The benefits of the beginner’s mindset has persisted outside of the gym. I started a new role at work earlier this year. When what I don’t yet know or haven’t yet mastered threatens to overwhelm me, I tell myself, “Pam. You’re not bad at this. You’re a beginner.” In boxing, I have Nick and Garcia, my stalwart trainers who help me learn and believe in myself. At work, my people leader does the same. It’s just PowerPoints instead of punches.
And as for running? I’ve been struggling in the year since my thyroid surgery. My endurance and self-confidence were in the tank. Running is something that had become entirely natural over the past 13 years. Even when I struggled to hit a particular time goal, the ability to endure was always there. It never occurred to me that a full year later, I wouldn’t have gained it all back.

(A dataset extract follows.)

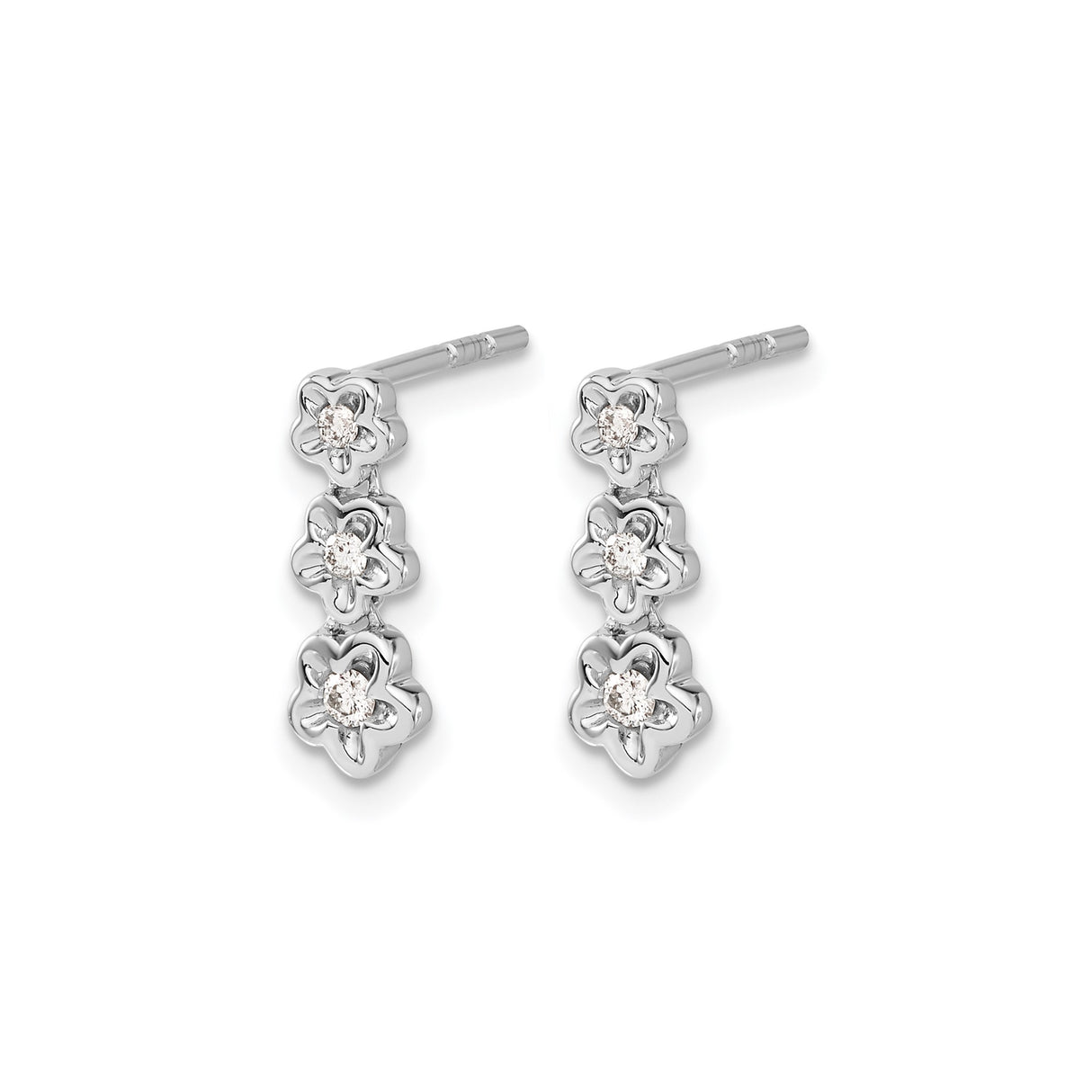 14k White Gold Drop Earrings with Diamond Accents, Three Flower Motif Design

I decided to follow the Train Like a Mother Heart and Sole 10k Level One plan to train to run – not race(!), just cover the distance with a smile on my face. It felt like failure to struggle on short, slow runs that were table stakes just last year. I was discouraged enough to ditch my beloved GPS watch, using only the timer on my phone to track duration.
I am not highly skilled or experienced, but I am persistent and fierce.
A couple weeks into the plan, I had an office hours call with Coach Jen. And do you know what she said to me? She said, “Pam. You’re a beginner again. And that’s okay.”
My eyes started sweating a bit in relief at those words. I wasn’t a bad runner, or a loser, or a failure because my body could no longer do what it once had. I’m missing half a pretty important organ. My hormones remain rather iffy – but whatever my current baseline, it would still be okay.
I’m not a bad runner. I’m a beginner.
Your turn: Have you been a beginner at something lately?